Thank you Steve. Terrific explanation.
I tried the approach you described - dfdl:lengthKind="pattern"
dfdl:lengthPattern="ABC|AB|AC|A" - and it worked great.
I also tried using enumeration facets coupled with dfdl:checkConstraints within
dfdl:assert
<xs:element name="item1">
<xs:annotation>
<xs:appinfo
source="http://www.ogf.org/dfdl/">
<dfdl:assert
test="{ dfdl:checkConstraints(.) }"
message="The value of item1 is not one of the allowable values"
/>
</xs:appinfo>
</xs:annotation>
<xs:simpleType>
<xs:restriction base="xs:string">
<xs:enumeration value="A" />
<xs:enumeration value="ABC" />
<xs:enumeration value="AB" />
<xs:enumeration value="AC" />
</xs:restriction>
</xs:simpleType>
</xs:element>
But that did not work. Why does that not work?
/Roger
-----Original Message-----
From: Steve Lawrence <[email protected]>
Sent: Monday, July 12, 2021 2:39 PM
To: [email protected]
Subject: [EXT] Re: How to specify data with two fields, no delimiter, variable
length?
In cases like these, you need to use dfdl:lengthKind="pattern" and a regular
expression to define the length of the first item.

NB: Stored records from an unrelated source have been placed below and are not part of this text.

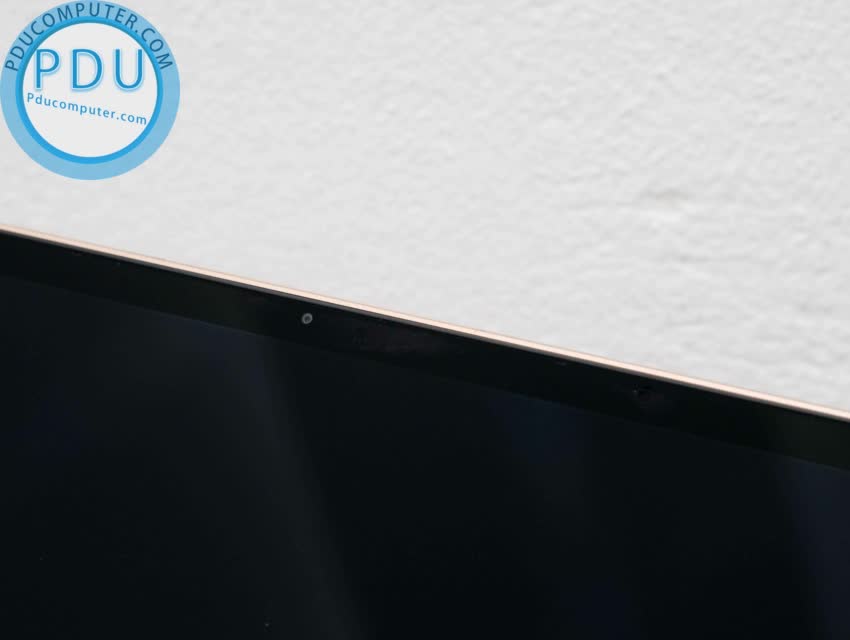 Laptop Lenovo Yoga 920 /i7 -8550U/ 16GB Ram/ 256GB SSD/ Card on/ FHD cảm ứng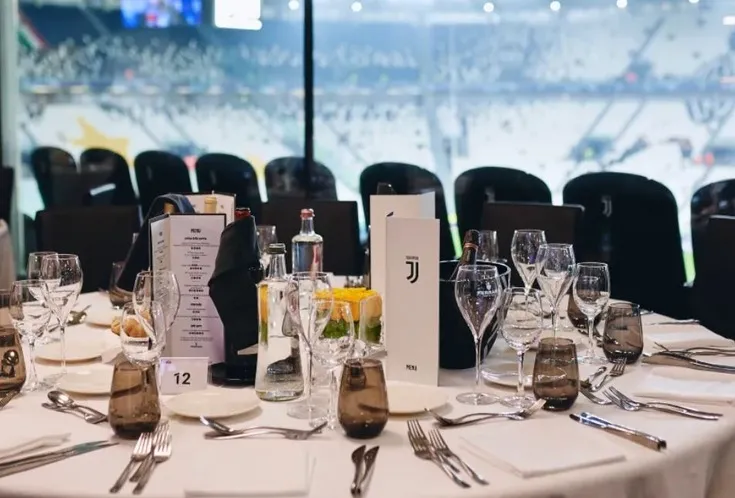 Khu vực Legends Club tại Allianz Stadium, không gian tiếp đón VIP sang trọng dành cho khách hàng đặc biệt của Juventus.
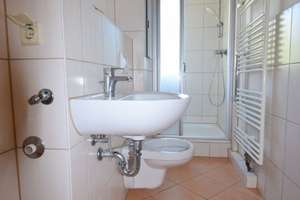 3-Raum-Wohnung in ruhiger Wohnlage! – Görlitzer Straße 17, 1587 Riesa – Vorschaubild 2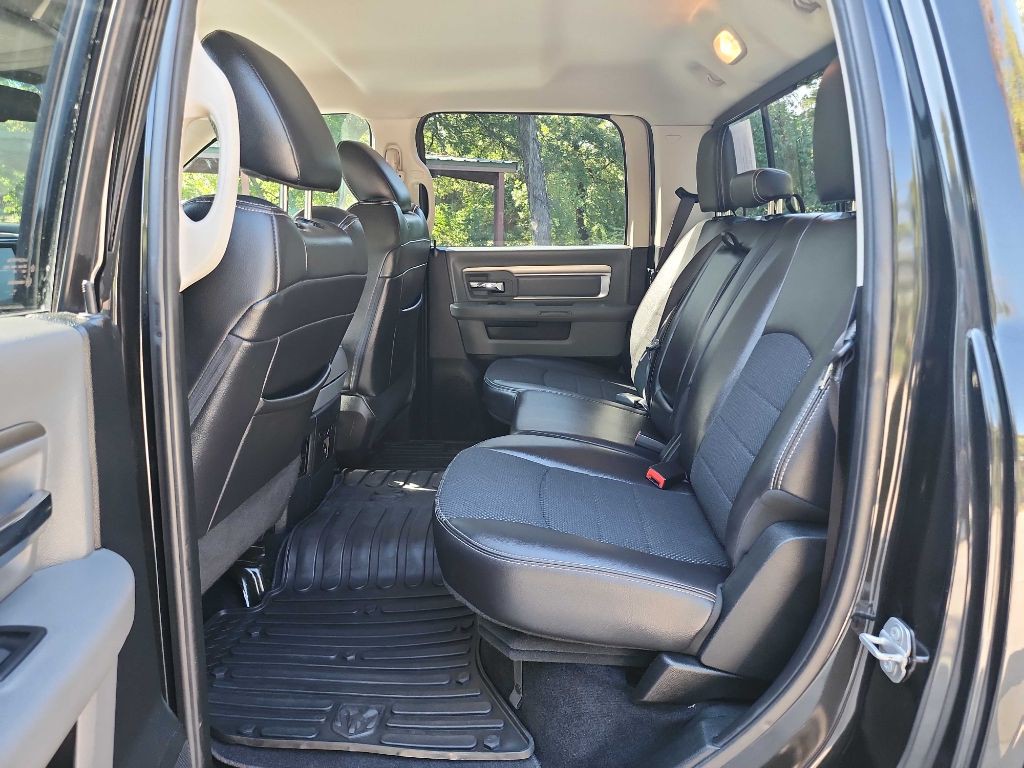 2017 RAM 1500 Image 37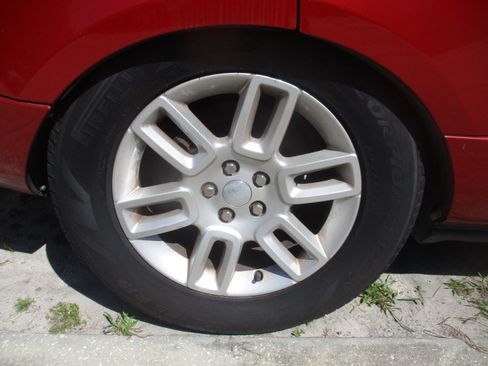 Used 2012 Land Rover Range Rover HSE image 13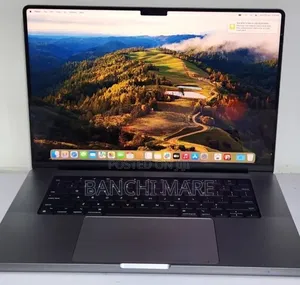 New Laptop Apple MacBook Pro 32GB Apple M1 Pro SSD 512GB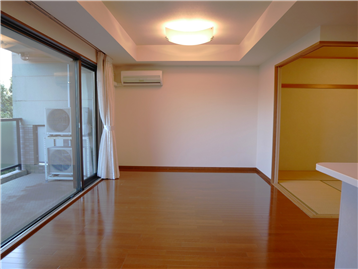 ダイニングからリビングエリアを撮影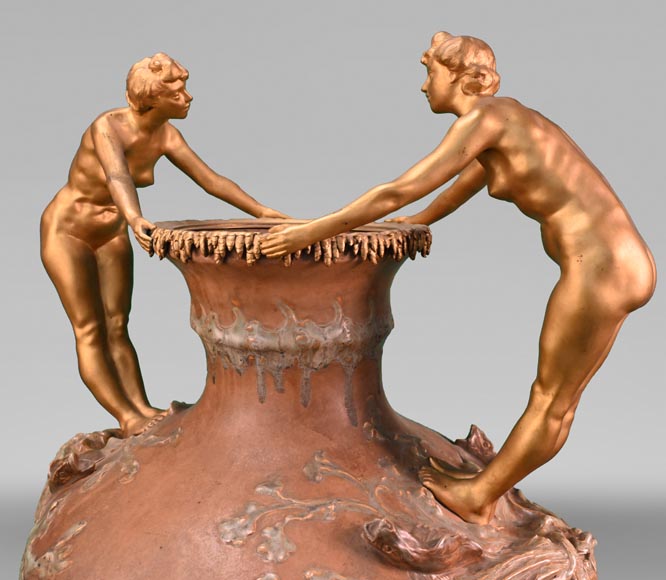 Auguste LEDRU (sculpteur) et Émile COLIN (éditeur), Grand vase en grès émaillé aux mascarons et figures féminines en bronze doré, vers 1902-3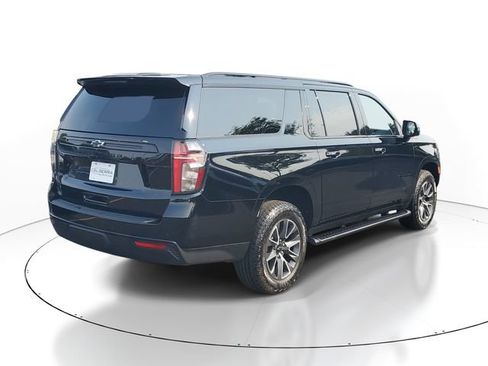 Used 2024 Chevrolet Suburban Z71 w/ Luxury Package AWD/4WD image 4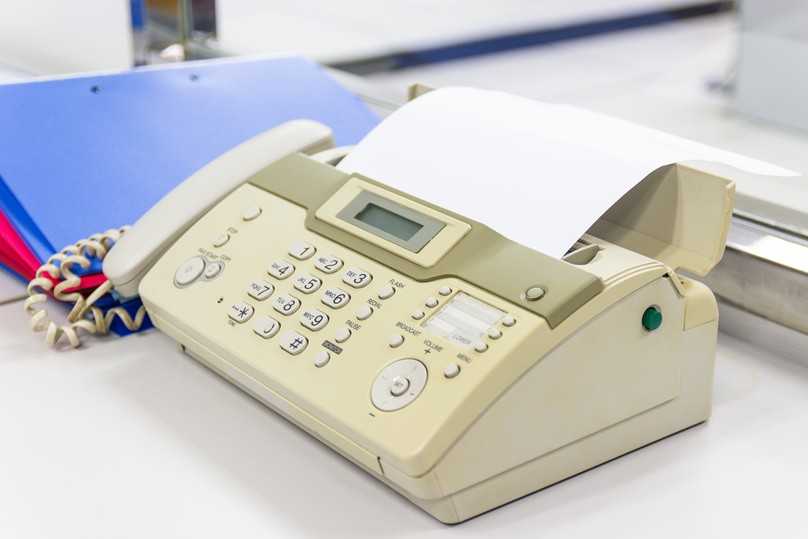 Das Faxgerät hat längst ausgedient, dachten Sie? Nicht in der öffentlichen Verwaltung, wie ein Bericht des Bundesrechnungshofs jetzt darlegt. Die Baubranche fordert den Bund daher zu mehr Tempo bei der Verwaltungsdigitalisierung auf. | Foto: Piyaphunjun/Adobe Stock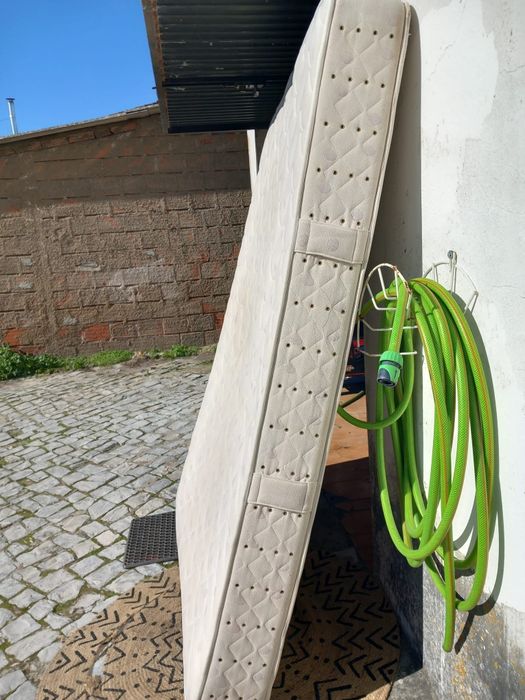 colchão ortopédico usado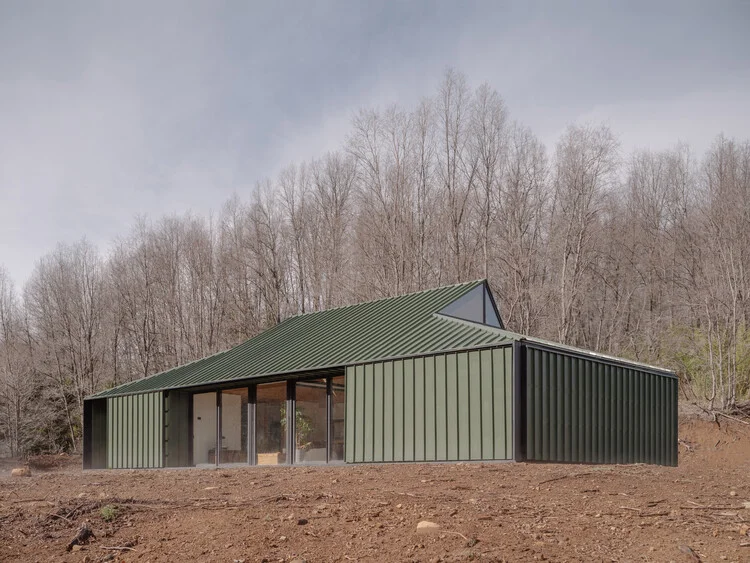 Alejandra House / Duarte Fournies Arquitectos - Image 1 of 32
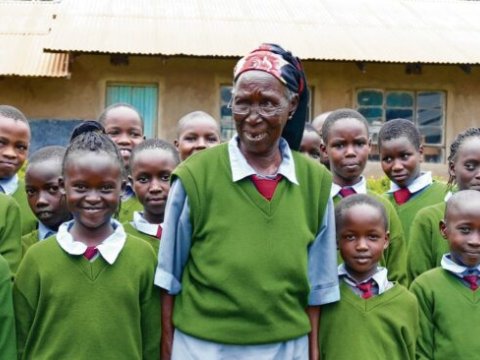 99 yaşlı ibtidai sinif şagirdi öldü 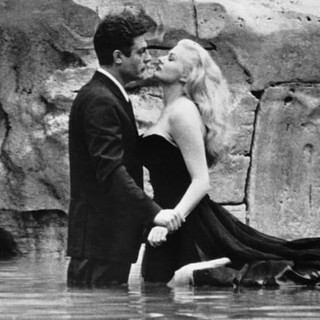 Cinema all'aperto a Bordighera: sabato la proiezione de “La dolce vita”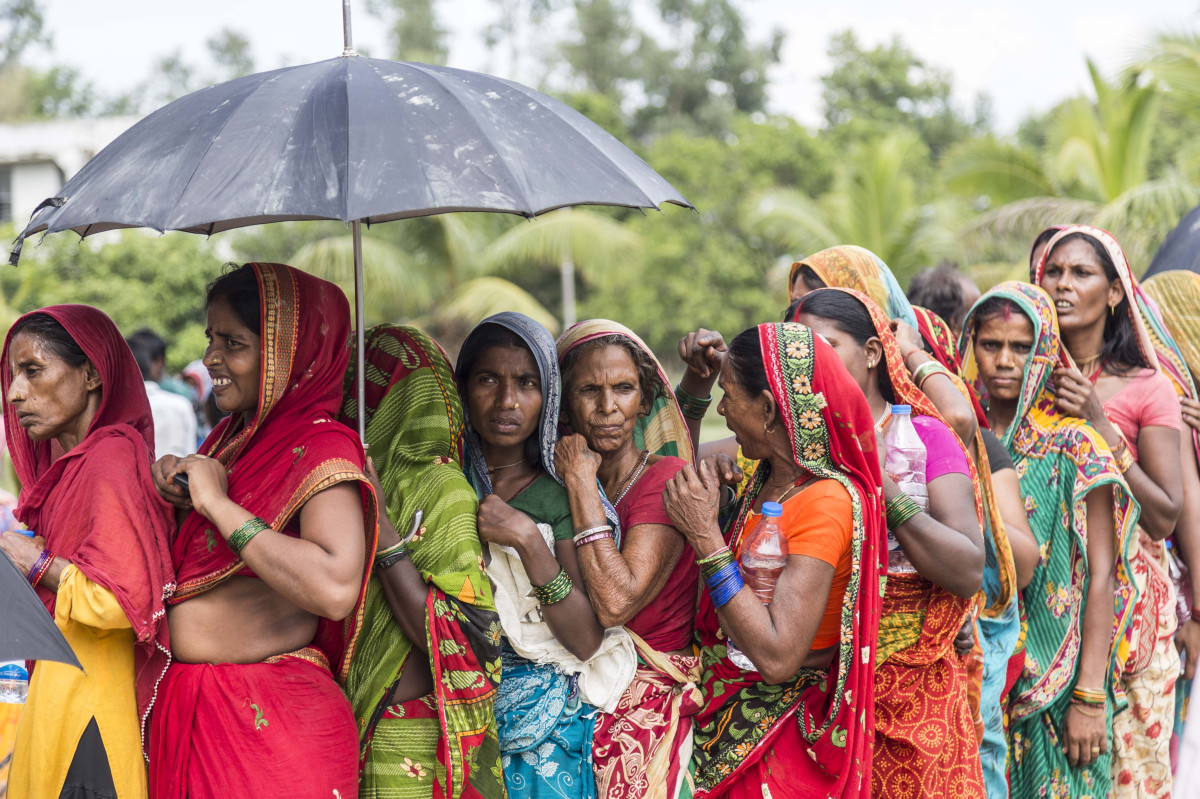Záplavy v Nepálu postihly přes 336 000 lidí. Člověk v tísni uvolnil na pomoc obětem živelní katastrofy půl milionu korun
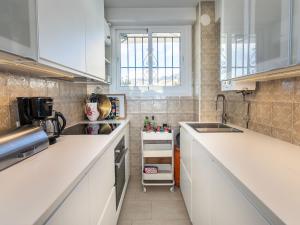 Køkken eller tekøkken på Apartment Florida II by Interhome + 11 billeder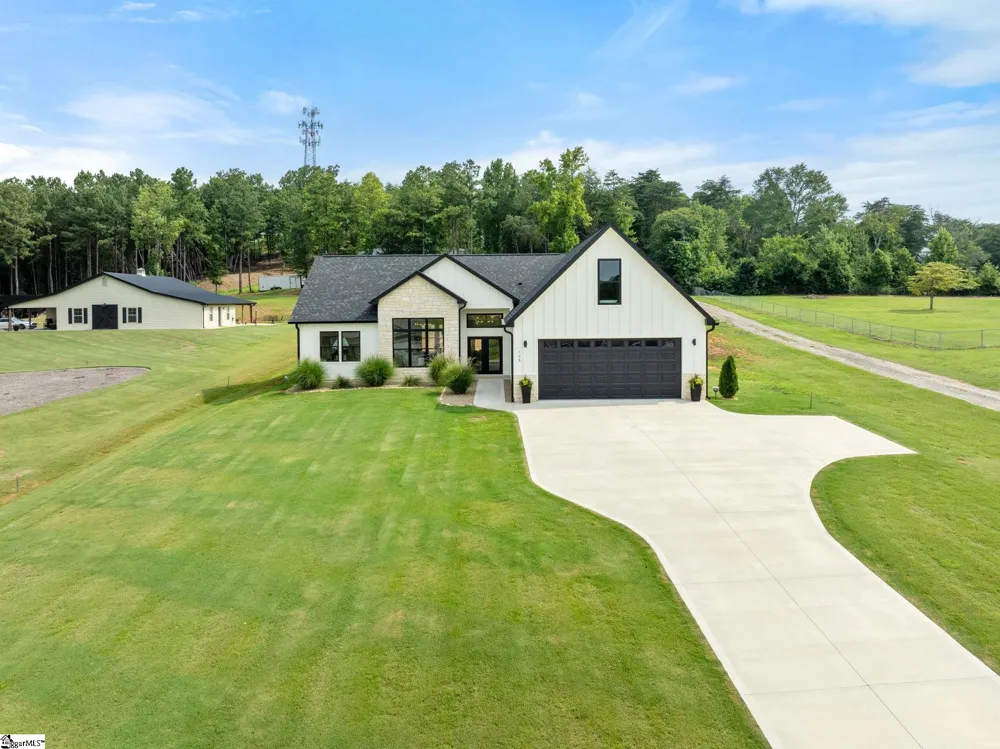 128 Cothran Road Inman, SC 29349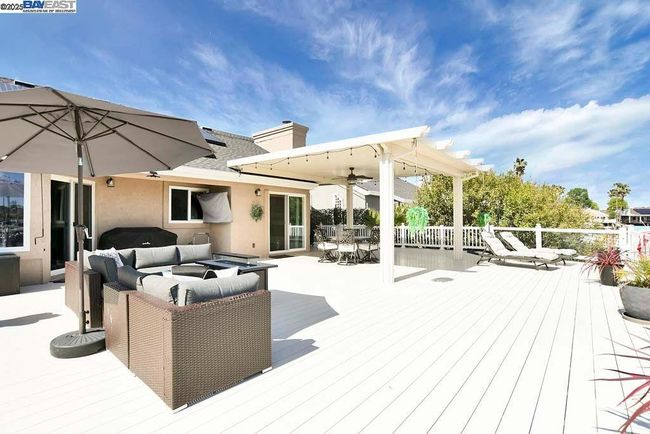 1864 Dune Point Way, House other with 3 bedrooms, 2 bathrooms and 2 parking in Discovery Bay CA | Image 8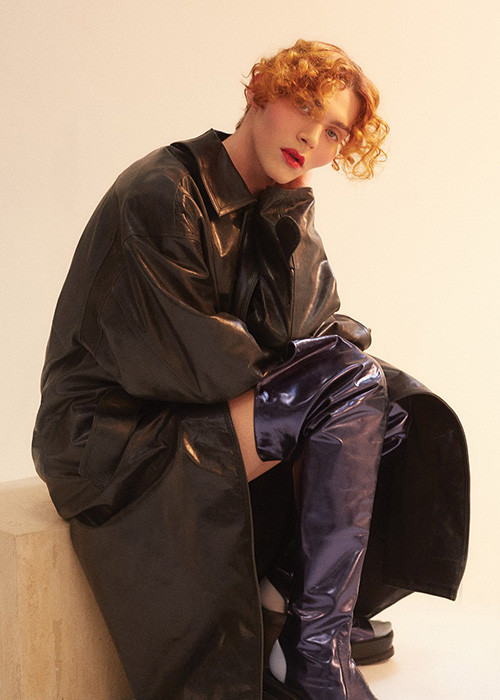 Cô từng hợp tác với nhiều ngôi sao nổi tiếng thế giới như Charli XCX, Vince Staples, Kim Petras, Madonna, Nicki Minaj, Namie Amuro.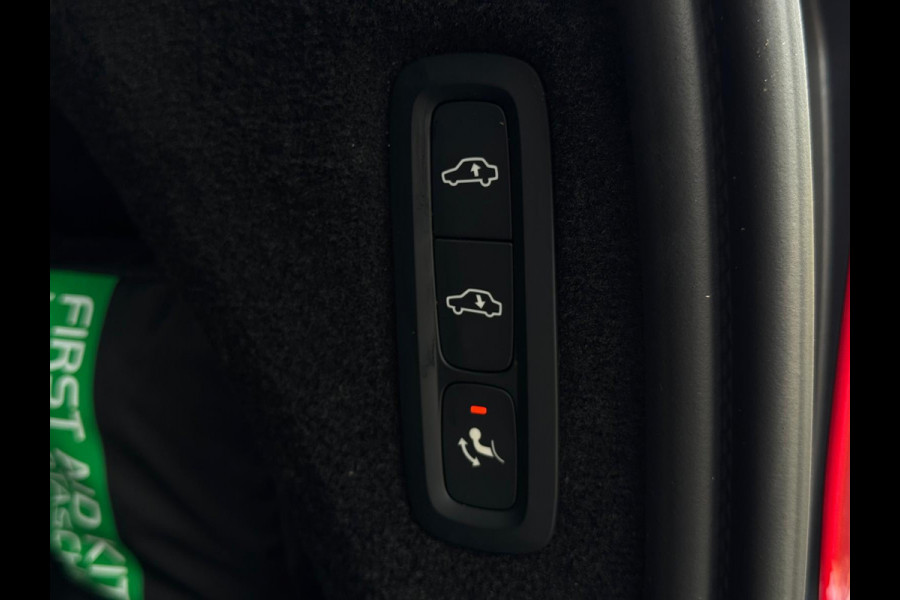 Volvo XC90 2.0 T8 Recharge AWD R DESIGN 455pk 7p PANO | LEDER | LED | TREKHAAK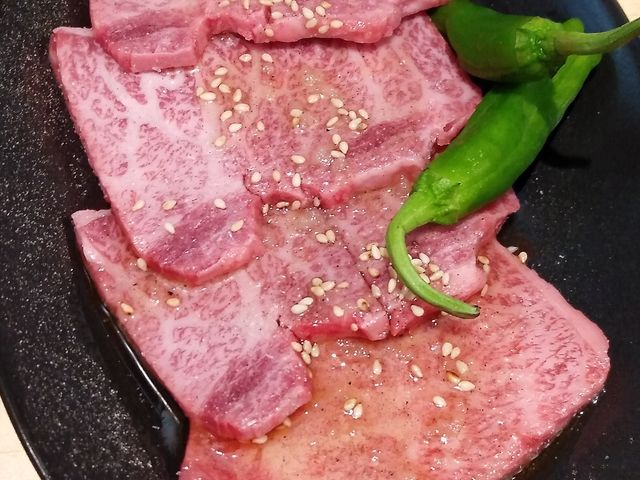 ロース_炭火焼肉ホルモン やまけん 両替町店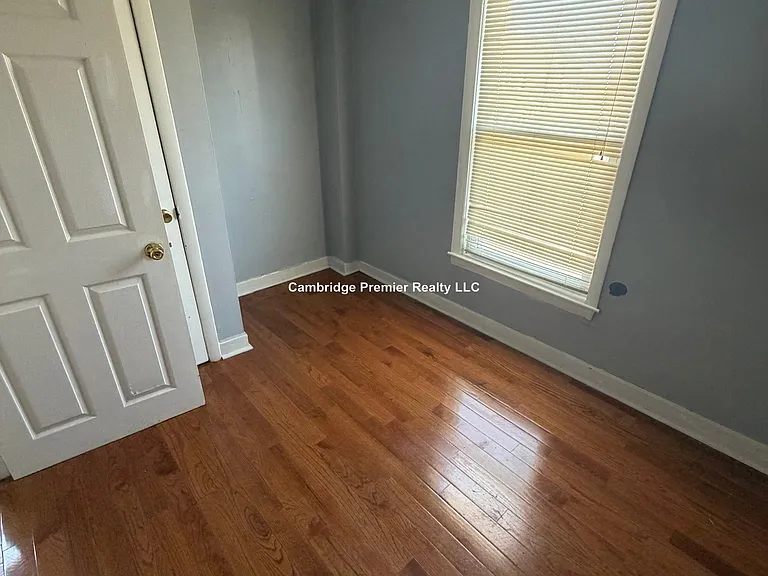 85R Glen St — Photo 2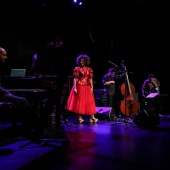 Maria João junto a Carlos Bica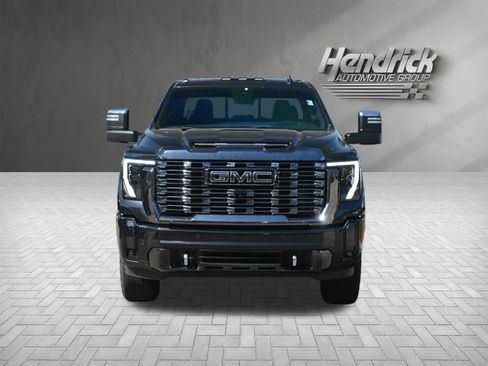 Used 2024 GMC Sierra 2500 Denali Ultimate w/ Max Trailering Package image 5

There's lots of different regexs depending on what kinds of infosets you want
to allow.
For example, one approach for the first item is a very strict regex that
matches exactly one of the four values, e.g.
<xs:element name="item" type="xs:string"
dfdl:lengthKind="pattern" dfdl:lengthPattern="ABC|AB|AC|A" />
With this approach, the item will get a non-zero length if it is one of those
items. Otherwise the item will be the empty string. And if you don't want empty
string to be allowed, you need to add an assert that the length is greater than
zero. Also, note that order in the regex matters so it matches the longest
possibility first.
On the other end of the spectrum, you could instead model the first item to
match as many non-digits as possible:
<xs:element name="item" type="xs:string"
dfdl:lengthKind="pattern" dfdl:lengthPattern="[^0-9]*" />
This will match any of the four allowed values, but will also match anything
else up to the first digit. So this could potentially produce infosets with an
item value of XYZ, for example. In some cases, you might actually want this--we
might consider the data to be "well-formed"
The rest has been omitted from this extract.